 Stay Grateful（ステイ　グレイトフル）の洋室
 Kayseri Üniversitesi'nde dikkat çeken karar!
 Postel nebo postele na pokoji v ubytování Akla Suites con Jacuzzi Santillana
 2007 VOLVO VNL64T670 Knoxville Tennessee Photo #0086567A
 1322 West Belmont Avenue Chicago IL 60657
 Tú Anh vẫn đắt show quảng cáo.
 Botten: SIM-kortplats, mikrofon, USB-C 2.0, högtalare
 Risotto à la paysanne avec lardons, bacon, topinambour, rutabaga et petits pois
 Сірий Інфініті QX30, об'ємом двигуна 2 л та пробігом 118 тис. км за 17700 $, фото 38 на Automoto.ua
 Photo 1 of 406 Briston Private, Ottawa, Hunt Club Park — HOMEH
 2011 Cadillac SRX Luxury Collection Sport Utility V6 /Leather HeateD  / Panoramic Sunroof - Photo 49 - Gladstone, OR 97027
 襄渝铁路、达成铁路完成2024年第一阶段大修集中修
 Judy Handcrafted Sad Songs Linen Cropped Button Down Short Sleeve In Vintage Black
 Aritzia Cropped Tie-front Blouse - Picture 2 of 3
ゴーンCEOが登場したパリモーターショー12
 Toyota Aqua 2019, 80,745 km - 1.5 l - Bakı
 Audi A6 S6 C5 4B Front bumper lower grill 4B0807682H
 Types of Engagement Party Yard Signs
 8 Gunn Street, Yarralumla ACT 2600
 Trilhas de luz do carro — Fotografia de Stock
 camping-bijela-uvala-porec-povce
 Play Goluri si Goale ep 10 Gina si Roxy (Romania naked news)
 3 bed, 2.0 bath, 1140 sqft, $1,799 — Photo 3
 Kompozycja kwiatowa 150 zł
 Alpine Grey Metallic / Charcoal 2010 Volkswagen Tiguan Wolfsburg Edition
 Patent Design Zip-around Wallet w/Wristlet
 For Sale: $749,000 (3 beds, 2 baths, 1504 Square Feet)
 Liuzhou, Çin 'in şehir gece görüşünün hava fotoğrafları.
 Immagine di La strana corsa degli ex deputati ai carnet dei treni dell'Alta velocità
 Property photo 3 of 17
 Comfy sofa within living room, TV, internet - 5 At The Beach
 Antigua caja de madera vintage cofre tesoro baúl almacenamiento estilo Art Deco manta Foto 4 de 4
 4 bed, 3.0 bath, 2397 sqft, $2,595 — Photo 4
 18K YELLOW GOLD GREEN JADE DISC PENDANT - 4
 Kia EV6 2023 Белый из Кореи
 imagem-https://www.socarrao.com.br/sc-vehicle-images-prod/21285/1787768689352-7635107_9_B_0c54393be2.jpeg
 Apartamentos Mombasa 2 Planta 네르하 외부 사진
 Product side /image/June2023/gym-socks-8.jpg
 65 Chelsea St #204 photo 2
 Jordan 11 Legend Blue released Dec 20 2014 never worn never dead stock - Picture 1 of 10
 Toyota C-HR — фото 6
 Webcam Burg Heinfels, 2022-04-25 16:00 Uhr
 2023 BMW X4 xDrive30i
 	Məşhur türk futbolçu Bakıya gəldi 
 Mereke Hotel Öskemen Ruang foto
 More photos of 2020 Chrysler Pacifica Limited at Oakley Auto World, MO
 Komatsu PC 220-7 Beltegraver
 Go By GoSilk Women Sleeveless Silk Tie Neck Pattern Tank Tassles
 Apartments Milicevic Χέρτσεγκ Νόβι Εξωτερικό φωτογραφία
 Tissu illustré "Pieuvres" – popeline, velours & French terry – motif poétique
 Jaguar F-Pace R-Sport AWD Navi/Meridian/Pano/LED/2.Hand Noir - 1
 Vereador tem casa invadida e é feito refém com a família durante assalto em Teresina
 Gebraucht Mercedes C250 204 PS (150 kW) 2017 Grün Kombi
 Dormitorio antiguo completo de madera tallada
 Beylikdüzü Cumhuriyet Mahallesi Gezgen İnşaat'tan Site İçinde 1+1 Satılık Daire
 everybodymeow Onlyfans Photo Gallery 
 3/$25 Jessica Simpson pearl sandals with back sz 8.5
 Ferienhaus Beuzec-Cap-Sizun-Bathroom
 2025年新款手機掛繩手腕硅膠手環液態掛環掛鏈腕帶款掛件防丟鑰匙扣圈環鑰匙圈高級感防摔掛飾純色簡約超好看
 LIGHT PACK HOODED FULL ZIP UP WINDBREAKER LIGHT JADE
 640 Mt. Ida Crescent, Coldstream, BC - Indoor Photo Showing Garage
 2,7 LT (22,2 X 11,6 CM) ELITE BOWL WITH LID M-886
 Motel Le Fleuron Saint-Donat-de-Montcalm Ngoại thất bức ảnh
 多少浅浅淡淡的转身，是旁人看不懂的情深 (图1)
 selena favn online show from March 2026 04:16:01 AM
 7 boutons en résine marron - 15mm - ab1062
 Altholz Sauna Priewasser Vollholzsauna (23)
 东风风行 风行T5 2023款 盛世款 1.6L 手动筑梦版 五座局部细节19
****************
_WHAT THE EXERCISE ASKS_
Would you please work out how many lines of the data hold "фото"? Reply with the number alone.

_COMPLETED EXERCISE_
2